---------- Provided information

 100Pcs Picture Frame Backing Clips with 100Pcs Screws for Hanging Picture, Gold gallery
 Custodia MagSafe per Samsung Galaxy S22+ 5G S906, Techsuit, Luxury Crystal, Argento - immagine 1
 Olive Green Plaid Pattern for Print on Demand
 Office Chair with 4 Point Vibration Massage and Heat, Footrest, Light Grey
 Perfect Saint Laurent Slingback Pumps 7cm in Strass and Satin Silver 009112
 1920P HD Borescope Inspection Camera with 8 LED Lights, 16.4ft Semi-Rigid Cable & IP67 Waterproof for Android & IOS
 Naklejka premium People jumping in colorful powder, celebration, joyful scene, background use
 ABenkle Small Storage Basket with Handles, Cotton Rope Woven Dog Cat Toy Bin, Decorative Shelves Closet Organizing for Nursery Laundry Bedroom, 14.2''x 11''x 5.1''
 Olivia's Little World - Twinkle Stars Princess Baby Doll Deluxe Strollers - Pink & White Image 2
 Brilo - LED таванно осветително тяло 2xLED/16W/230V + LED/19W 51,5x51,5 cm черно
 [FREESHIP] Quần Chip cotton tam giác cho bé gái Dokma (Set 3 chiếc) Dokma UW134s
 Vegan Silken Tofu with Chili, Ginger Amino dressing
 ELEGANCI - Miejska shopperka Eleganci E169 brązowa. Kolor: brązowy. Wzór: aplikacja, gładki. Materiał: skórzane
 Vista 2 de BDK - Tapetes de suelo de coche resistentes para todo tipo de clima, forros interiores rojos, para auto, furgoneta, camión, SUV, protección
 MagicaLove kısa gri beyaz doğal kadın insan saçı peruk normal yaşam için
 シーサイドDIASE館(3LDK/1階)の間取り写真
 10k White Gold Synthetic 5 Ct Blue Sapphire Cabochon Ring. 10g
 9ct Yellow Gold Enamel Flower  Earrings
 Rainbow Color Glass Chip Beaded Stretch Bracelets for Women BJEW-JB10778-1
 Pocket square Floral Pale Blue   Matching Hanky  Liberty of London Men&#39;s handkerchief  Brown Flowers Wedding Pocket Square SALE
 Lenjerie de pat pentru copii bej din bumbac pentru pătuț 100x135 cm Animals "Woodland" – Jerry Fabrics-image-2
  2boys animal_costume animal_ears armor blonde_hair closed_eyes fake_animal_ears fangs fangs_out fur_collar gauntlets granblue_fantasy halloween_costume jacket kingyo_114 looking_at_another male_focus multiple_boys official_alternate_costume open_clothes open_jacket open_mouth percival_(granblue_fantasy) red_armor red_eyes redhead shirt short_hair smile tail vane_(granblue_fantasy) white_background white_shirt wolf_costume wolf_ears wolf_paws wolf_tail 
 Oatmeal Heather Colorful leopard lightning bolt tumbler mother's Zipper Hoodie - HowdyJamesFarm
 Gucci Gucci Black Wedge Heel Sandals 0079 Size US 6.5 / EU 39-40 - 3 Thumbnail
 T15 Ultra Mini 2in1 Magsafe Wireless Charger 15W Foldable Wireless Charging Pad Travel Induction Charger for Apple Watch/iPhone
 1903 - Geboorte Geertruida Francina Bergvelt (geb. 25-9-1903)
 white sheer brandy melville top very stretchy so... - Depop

--------------------

● **What you are asked to do**
Repeat, word for word, the lines from the opening of the material through the line containing "Perfect Saint Laurent".

● **Answer box**
 100Pcs Picture Frame Backing Clips with 100Pcs Screws for Hanging Picture, Gold gallery
 Custodia MagSafe per Samsung Galaxy S22+ 5G S906, Techsuit, Luxury Crystal, Argento - immagine 1
 Olive Green Plaid Pattern for Print on Demand
 Office Chair with 4 Point Vibration Massage and Heat, Footrest, Light Grey
 Perfect Saint Laurent Slingback Pumps 7cm in Strass and Satin Silver 009112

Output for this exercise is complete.